# YouTube Party: Saturday Morning Cartoon Intros



## MadPlumber (Nov 20, 2007)

This idea is directly based from how I spent New Year's Eve with some friends last year.  We rattled off names of cartoons and kids' shows we watched back in the 80s and 90s and looked at the opening title sequences.  Sometimes, I'll be damned to have ever heard of some of the shows they found!  So, I thought I might like to see how this thread might evolve.  So, I'll start out with this show from my youth:

*COPS: Central Organization of Police Specialists*

[youtube]http://www.youtube.com/watch?v=3dmucx-c9ig[/youtube]

In retrospect, I think this show might have been visually and culturally inspired by RoboCop.  Also in retrospect, I can't believe I actually watched this show!  This video is just another typical example of a show intro that is better than the *whole show!!*  I mean, you got to admit, the animation is pretty good and I love that synthesizer theme!

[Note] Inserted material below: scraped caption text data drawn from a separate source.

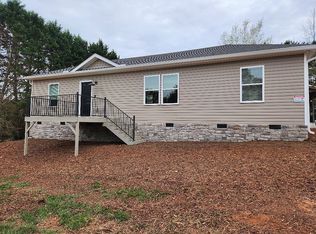 315 Georgetown Dr, Liberty, SC 29657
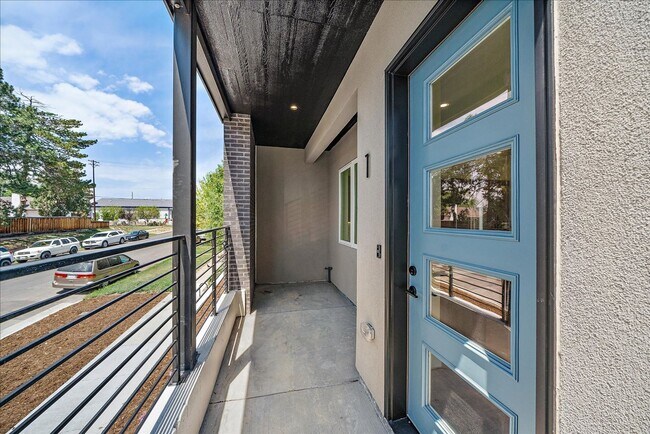 Building Photo - Luxurious New Townhome in South Sloan’s Lake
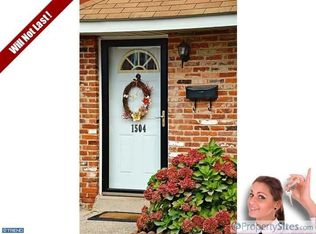 1504 Whitpain Hls, Blue Bell, PA 19422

_Edited to incorporate YouTube tags._


----------



## Magica (Nov 20, 2007)

Snagged from my YouTube fav's

David the Gnome: http://www.youtube.com/watch?v=LAphcvZaS8I
Bobby's World: http://www.youtube.com/watch?v=t6xqamEd8s0
Inspector Gadget: http://www.youtube.com/watch?v=mzLwLRCkXu4
Sharon Lois & Bram's Elephant Show: http://www.youtube.com/watch?v=xul7waCH590
Dinosaucers: http://www.youtube.com/watch?v=zjhJSD8RU4k
Hammerman (MC Hammer cartoon): http://www.youtube.com/watch?v=w8WYh8uz3pQ
Megaman: http://www.youtube.com/watch?v=akJygsSXcjw
Muppet Babies: http://www.youtube.com/watch?v=uaGFYFLvcdY

30 Minutes of 80's Cartoon Intros: http://www.youtube.com/watch?v=Bto7l3cKhvk
30 Minutes of 90's Cartoon Intros: http://www.youtube.com/watch?v=QmcKGcKW76M


----------



## webkilla (Nov 20, 2007)

gods... hammerman's intro sucked so hard - it didn't even rhyme well "who here's mc hammer, with his magic... shoes?"

but its all good

a few days ago i watch over 4 hours of intros on youtube...


----------



## MadPlumber (Nov 21, 2007)

Wow, that Mega Man one is pretty hardcore.  Thanks for sharing that one!

Okay, well here's five minutes of *Transformers* opening titles and closing credits.

[youtube]http://www.youtube.com/watch?v=Lf67hUPSMuw[/youtube]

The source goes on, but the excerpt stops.